Along the way, the techies and the kids manage to solve a crime that’s been eluding the regular CSIs.

When it came to writing the fourth lab rat episode, “CSI” executives knew that there was only one way to go: they asked Langham and Vassey to take a stab at writing the episode and the duo jumped at the opportunity.

Some of the ideas they came up with included a “Dead Men Don’t Wear Plaid”-like tale told in flashbacks, exploring the dumbest crimes committed in history, and putting Wendy and Hodges in a locked room while a crime is being committed in front of them.

“We even toyed with doing a musical number because Liz wants more than anything to sing on the show,” Langham says. “That might still be in the pipeline but not this year. It would only work if [‘Buffy the Vampire Slayer’ creator] Joss Whedon could direct it.”

In the end, Langham and Vassey moved the techies out of their comfy but sterile environment and sent them into the field. The idea was inspired by Vassey’s real-life experience while on a ride-along in Las Vegas with one of the series’ technical advisors.

“I had the fortune, or misfortune depending on how you look at it, of being part of a real-life crime,” Vassey says. “The fingerprint that I helped find — well, ‘Forrest Gump’-ed my way into because the guy was showing me how to collect a fingerprint and we found one — ended up helping to break a case about this whole big illegal [thing] happening in convenience stores.”

The normal “CSI” brain trust recreated Vassey’s experience in an episode that aired earlier this season, but she and Langham decided it was worth revisiting.

Told this time from the lab tech perspective, there’s more insight into the on-and-off relationship between Wendy and Hodges, practical jokes aplenty and alternate reality versions of Capt.

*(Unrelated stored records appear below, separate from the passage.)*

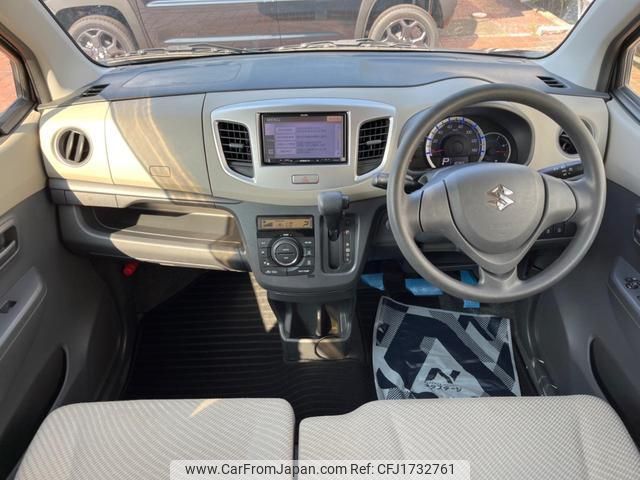 suzuki wagon-r 2014 CFJ1732761 image 2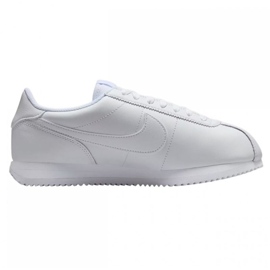 Boty Nike Cortez DN1791-109 bílý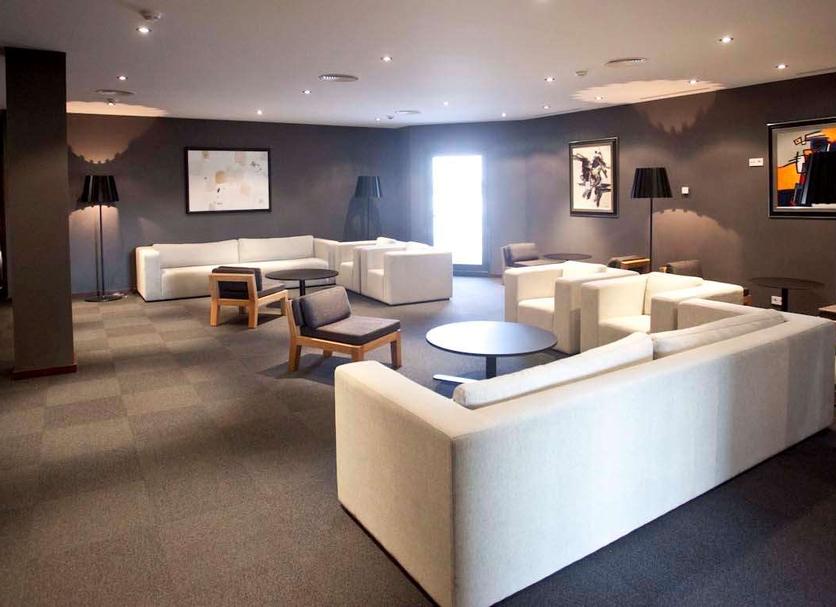 Lounge Foto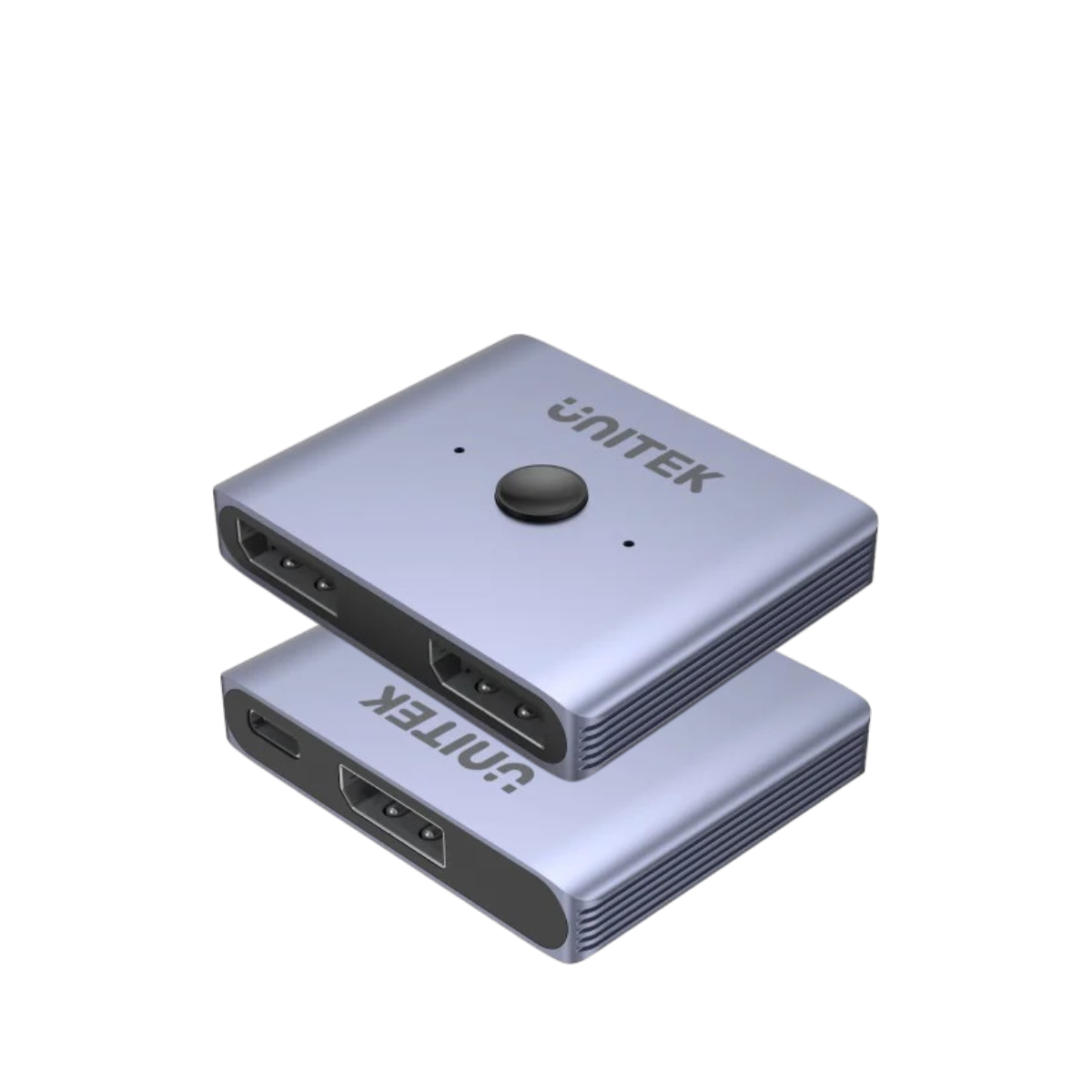 Switch chuyển đổi 2 chiều DisplayPort 8K@60Hz UNITEK V1609A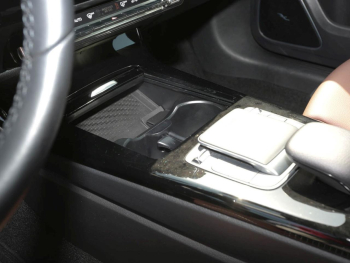Mercedes-Benz A 250 e  Progressive MBUX Burmester Panorama AHK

Jim Brass (Paul Guilfoyle), as a lousy drunk, and Dr. Ray Langston (Laurence Fishburne) as an obsequious trace analyst.

“Lab rats episodes, for us, are a blast,” Langham says. “They become like an animated show where you can do anything you want to do. It’s a departure from what we do day-to-day.

“They’re definitely more fun because you’re not dealing with some tragic murder that you have to have a heavy emotional connection to,” says Langham.

Long-term “CSI” fans will chuckle at scenarios that echo memorable scenes that have appeared during the series’ 10-year run.

“Those little moments and the [Crime Cadet] characters are an homage to [co-stars] William Petersen, Marg Helgenberger and Gary Dourdan,” Langham says. “This episode was meant to be a love letter to the fans.”